Reference is now made to FIG. 5, which shows a conference table 500 having, as an example, eight (8) seat positions 502-1, 502-2, 502-3, 502-4, 502-5, 502-6,502-7 and 502-8. There is a hybrid microphone device 510-1, 510-2, 510-3, 510-4, 510-5, 510-6, 510-7 and 510-8 at the seat positions 502-1, 502-2, 502-3, 502-4, 502-5, 502-6, 502-7 and 502-8, respectively. Generally, all the hybrid microphone devices 510-1, 510-2, 510-3, 510-4, 510-5, 510-6, 510-7 and 510-8 operate in the same mode (either all in gooseneck mode or all in tabletop mode). When, for example, a hybrid microphone device is in gooseneck mode, it is able to determine an accurate direction of the speaking person, according to the techniques described above. Each hybrid microphone device can define two angles (or in other words - a sector) where the hybrid microphone device is allowed to pick up the sound. A sector 520 is shown in FIG. 5 below for hybrid microphone device 510-7 covering seat position 502-7. FIG. 5 shows that the hybrid microphone device 510-7 will detect that audio 530 (e.g., from a person at seat position 502-6) and will determine that audio 530 has a direction of arrival that is not within the sector 520. Thus, the hybrid microphone device 510-7 will not include in its output any audio from the gooseneck microphone of hybrid microphone device 510-7. On the other hand, if at some point in time, a person at seat position 502-7 begins talking, then audio, shown at 540, from that person will have a direction of arrival that is within the sector 520 and hybrid microphone device 510-7 will include it its output audio detected by the gooseneck microphone of hybrid microphone device 510-7.

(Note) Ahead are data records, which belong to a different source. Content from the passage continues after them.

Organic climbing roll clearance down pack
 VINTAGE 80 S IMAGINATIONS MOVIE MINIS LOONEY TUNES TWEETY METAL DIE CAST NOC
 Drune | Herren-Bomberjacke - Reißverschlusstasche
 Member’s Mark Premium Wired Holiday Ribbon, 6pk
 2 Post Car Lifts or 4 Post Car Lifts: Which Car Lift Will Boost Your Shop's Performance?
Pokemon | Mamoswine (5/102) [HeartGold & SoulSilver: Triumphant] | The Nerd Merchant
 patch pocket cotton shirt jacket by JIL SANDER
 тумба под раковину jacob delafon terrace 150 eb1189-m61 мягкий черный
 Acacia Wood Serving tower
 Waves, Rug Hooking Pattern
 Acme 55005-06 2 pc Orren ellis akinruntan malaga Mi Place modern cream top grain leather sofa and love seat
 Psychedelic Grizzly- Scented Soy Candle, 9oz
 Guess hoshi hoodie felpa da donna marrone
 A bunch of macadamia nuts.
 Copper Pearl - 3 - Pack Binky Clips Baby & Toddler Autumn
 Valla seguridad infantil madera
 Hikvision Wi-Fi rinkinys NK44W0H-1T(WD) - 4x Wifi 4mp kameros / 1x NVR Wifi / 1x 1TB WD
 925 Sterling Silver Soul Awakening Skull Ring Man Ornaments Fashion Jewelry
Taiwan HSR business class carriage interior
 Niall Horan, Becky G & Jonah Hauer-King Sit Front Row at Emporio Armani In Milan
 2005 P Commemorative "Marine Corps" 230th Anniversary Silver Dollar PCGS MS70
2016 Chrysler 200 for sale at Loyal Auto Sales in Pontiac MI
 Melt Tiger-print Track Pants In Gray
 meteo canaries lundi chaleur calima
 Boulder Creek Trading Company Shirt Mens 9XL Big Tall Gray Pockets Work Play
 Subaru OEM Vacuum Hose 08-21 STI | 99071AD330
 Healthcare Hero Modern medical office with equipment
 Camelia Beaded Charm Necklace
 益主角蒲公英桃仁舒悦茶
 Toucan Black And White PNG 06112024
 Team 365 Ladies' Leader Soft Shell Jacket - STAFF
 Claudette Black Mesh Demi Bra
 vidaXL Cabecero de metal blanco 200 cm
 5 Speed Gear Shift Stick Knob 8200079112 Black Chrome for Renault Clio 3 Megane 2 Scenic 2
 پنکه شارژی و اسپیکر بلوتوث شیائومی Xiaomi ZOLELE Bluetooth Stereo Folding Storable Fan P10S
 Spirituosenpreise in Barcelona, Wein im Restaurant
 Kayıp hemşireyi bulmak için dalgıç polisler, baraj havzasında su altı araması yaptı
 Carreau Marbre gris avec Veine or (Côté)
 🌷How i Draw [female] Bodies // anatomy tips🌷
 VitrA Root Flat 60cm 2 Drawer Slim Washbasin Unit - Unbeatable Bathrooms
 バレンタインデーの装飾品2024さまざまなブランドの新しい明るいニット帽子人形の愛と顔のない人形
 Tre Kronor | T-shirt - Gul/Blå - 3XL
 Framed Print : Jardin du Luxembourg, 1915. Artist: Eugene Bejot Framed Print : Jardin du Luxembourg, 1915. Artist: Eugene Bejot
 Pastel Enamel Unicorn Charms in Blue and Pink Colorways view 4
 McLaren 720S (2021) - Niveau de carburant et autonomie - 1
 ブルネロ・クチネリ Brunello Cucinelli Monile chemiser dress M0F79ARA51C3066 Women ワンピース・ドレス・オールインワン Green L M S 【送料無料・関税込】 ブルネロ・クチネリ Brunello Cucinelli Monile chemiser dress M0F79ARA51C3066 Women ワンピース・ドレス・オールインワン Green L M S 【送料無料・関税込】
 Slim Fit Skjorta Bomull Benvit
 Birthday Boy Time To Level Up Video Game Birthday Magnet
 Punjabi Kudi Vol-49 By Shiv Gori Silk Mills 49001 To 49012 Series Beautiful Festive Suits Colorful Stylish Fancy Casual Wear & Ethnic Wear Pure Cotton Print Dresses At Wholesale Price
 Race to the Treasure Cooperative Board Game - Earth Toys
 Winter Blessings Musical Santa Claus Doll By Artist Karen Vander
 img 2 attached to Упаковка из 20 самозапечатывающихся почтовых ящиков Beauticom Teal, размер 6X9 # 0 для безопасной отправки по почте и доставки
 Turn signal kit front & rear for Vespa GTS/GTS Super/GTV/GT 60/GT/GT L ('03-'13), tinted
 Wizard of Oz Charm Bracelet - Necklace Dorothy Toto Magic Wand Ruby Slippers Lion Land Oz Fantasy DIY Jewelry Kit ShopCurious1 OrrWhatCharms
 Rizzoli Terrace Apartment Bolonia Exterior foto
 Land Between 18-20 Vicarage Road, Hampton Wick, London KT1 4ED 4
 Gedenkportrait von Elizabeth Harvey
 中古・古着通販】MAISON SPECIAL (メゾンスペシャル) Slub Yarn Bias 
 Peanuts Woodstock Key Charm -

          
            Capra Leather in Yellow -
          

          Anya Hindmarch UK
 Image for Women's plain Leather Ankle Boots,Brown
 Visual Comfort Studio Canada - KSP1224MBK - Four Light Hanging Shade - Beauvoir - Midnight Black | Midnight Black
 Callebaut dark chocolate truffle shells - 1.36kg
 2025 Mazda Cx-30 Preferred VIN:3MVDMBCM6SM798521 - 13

FIG. 6 is a flow chart depicting, at a high level, a method 600 according to an example embodiment. The method 600 includes, at step 610, detecting audio with a first microphone unit of a hybrid microphone device in a relatively narrow angular sector. At step 620, the method 600 includes detecting, with a multi-directional microphone unit of the hybrid microphone device, audio in a relatively wide angular sector range that encompasses the relatively narrow angular sector. At step 630, the method 600 includes determining a direction of arrival of detected audio from outputs of the multi-directional microphone unit. The method 600 includes, at step 640, selecting for output the audio detected by the first microphone when the direction of arrival of the detected audio by the multi-directional microphone unit is a desired direction of arrival.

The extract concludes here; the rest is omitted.